Description
We recently saw a big performance regression on the telco benchmark when the decimal module was moved to multi-phase init.
Accessing state is now much slower than before.
Anecdotally, accessing a global now takes 7 dependent loads instead of 1. (@mdboom do you have a link for this?)
If we make the observation that we do not need per-module variables, but per interpreter ones, to replace (C) global variables, we can design an API that needs much fewer indirections.
This API is largely stolen from HPy with a few tweaks for better performance. https://docs.hpyproject.org/en/stable/api-reference/hpy-global.html
typedef struct { uintptr_t index } PyGlobal;
/* Declare a global */
#define PyGLOBAL_DECLARE(NAME) PyGlobal NAME = PY_GLOBAL_INIT;
/* Initialize global, this must be called at least once per-process.
* This function is idempotent, so can be called whenever a module is loaded */
PyGlobal_Init(PyGlobal *name);
PyObject *PyGlobal_Load(PyGlobal name);
void PyGlobal_Store(PyGlobal name, PyObject *value);
Implementation
Each interpreter states has a reference to an array of PyObject *
pointers.
PyGlobal_Init()
initializes the global to so non-zero index and makes sure that each interpreter has a table large enough to store that index.

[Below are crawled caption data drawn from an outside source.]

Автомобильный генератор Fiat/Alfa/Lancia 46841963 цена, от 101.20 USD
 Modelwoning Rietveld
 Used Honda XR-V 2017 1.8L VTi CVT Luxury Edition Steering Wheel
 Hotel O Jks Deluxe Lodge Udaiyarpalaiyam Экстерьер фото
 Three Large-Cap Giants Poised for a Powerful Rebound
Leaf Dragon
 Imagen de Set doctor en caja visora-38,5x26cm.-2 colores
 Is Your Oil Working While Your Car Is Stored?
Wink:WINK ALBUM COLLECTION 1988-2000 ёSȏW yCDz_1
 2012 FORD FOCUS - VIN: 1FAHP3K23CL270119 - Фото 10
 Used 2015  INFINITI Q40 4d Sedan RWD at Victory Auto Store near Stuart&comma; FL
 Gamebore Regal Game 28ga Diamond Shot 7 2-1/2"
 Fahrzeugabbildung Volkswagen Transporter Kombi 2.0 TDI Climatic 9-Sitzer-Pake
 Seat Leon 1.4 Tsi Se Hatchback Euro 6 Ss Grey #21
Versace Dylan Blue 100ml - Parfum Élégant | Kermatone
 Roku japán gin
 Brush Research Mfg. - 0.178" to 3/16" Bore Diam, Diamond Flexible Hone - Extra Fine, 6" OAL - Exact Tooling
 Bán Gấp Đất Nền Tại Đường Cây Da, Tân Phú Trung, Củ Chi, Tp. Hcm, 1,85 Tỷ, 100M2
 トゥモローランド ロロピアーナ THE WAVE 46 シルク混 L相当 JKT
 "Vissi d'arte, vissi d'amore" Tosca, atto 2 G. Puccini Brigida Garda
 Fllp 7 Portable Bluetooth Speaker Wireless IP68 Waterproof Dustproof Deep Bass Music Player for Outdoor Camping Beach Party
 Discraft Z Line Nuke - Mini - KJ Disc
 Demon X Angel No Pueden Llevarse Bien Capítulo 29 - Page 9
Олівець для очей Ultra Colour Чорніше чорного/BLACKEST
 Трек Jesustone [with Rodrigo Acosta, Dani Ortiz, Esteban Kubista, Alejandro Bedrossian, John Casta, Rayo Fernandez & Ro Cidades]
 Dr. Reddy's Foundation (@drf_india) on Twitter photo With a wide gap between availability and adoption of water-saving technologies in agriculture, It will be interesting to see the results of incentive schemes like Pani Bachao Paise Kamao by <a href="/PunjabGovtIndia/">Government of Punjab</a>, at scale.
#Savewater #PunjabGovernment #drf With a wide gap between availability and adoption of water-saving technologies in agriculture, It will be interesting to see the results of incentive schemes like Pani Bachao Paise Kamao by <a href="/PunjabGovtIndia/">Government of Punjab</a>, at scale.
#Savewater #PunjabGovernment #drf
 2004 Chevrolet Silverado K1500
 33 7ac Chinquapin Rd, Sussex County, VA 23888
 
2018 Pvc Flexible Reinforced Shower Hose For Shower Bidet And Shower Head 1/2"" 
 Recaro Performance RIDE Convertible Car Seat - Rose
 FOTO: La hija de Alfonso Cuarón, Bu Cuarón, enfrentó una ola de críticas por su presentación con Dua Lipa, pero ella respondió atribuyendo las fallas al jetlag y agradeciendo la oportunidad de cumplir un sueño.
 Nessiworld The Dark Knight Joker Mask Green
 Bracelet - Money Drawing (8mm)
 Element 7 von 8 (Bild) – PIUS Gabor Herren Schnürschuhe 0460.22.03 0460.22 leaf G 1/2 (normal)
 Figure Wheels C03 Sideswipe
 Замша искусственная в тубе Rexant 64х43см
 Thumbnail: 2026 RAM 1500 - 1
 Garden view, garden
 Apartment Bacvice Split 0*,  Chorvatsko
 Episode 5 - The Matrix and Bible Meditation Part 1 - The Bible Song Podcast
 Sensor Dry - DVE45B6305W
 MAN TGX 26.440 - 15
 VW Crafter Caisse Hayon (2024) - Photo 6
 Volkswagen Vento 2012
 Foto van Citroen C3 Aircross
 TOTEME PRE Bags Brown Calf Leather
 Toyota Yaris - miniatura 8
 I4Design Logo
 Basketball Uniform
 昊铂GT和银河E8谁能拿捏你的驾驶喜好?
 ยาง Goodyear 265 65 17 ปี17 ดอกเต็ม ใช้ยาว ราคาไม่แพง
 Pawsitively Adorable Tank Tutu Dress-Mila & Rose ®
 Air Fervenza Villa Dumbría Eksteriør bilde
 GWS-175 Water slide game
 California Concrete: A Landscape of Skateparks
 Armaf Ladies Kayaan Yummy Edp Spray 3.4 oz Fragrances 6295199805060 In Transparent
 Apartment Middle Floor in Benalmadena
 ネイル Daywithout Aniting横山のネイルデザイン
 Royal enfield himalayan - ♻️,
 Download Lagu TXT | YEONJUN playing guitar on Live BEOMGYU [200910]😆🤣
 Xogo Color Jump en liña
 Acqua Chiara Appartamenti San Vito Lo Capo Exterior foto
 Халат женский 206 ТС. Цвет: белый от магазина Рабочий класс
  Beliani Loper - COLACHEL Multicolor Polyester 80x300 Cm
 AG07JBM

Then load and store can be implemented as follows
PyObject *
PyGlobal_Load(PyGlobal name)
{
return Py_NewRef(_PyThreadState_GET()->globals_table[name.index]);
}
void
PyGlobal_Store(PyGlobal name, PyObject *value)
{
PyObject **table = _PyThreadState_GET()->globals_table;
PyObject *tmp = table[name.index];
table[name.index] = Py_NewRef(value);
Py_XDECREF(tmp);
}